*** Data for review ***
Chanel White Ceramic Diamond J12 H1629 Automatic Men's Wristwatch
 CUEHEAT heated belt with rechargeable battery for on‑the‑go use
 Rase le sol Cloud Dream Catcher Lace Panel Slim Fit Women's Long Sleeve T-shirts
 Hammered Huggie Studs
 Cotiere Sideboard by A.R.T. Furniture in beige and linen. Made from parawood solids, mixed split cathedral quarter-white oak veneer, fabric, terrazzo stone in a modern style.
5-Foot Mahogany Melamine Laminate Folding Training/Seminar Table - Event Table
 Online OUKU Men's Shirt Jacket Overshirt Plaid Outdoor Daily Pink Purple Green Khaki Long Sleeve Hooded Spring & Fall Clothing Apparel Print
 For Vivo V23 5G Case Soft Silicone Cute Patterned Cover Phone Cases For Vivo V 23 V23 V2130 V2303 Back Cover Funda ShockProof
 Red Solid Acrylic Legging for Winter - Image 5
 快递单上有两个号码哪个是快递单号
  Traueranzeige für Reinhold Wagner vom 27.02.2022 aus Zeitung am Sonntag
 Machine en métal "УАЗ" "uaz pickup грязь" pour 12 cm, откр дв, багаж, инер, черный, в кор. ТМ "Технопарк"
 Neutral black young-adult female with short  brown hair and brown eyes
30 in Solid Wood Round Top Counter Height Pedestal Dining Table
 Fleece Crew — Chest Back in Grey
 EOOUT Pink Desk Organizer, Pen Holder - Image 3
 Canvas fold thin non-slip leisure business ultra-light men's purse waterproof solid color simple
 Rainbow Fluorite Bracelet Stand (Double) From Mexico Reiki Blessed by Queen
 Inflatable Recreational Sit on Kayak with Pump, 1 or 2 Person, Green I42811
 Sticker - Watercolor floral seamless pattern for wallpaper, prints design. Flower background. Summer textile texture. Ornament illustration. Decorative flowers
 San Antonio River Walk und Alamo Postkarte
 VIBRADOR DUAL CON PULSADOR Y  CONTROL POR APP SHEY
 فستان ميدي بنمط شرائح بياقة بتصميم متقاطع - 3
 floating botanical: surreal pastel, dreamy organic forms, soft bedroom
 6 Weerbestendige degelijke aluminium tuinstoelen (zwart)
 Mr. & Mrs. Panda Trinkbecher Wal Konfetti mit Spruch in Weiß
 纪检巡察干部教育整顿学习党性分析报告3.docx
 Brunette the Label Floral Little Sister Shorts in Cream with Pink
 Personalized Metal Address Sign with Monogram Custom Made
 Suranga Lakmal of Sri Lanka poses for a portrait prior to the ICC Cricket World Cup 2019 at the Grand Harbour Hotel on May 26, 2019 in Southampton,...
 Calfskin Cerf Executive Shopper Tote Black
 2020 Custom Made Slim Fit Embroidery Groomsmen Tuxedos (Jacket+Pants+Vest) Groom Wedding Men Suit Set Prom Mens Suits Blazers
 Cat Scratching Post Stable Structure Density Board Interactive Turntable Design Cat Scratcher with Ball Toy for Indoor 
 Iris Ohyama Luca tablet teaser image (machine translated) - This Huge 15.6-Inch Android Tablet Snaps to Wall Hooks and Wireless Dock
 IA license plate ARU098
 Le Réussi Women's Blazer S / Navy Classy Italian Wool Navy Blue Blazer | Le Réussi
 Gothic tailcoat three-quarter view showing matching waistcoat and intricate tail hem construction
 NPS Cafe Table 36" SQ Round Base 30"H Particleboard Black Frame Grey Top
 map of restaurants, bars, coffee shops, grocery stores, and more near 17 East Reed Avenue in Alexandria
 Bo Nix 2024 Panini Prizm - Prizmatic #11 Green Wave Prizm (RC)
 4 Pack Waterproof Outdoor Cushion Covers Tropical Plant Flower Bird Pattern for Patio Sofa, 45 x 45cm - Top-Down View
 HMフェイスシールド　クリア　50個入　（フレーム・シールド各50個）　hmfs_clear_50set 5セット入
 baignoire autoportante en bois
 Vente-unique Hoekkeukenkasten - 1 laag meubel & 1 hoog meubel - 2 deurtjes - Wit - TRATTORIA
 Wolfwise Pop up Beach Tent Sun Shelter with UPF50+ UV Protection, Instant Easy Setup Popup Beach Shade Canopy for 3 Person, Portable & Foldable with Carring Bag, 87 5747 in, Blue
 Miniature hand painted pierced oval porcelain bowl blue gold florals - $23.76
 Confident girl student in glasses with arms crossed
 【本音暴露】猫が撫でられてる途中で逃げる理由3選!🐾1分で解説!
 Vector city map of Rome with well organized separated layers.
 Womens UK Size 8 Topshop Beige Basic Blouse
***
*Assignment*
In the data above, which lines lie between the line with "Fleece Crew — Chest Back in Grey" and the line with "Inflatable Recreational Sit", inclusive? Print those lines exactly and nothing else.

*Problem solution*
 Fleece Crew — Chest Back in Grey
 EOOUT Pink Desk Organizer, Pen Holder - Image 3
 Canvas fold thin non-slip leisure business ultra-light men's purse waterproof solid color simple
 Rainbow Fluorite Bracelet Stand (Double) From Mexico Reiki Blessed by Queen
 Inflatable Recreational Sit on Kayak with Pump, 1 or 2 Person, Green I42811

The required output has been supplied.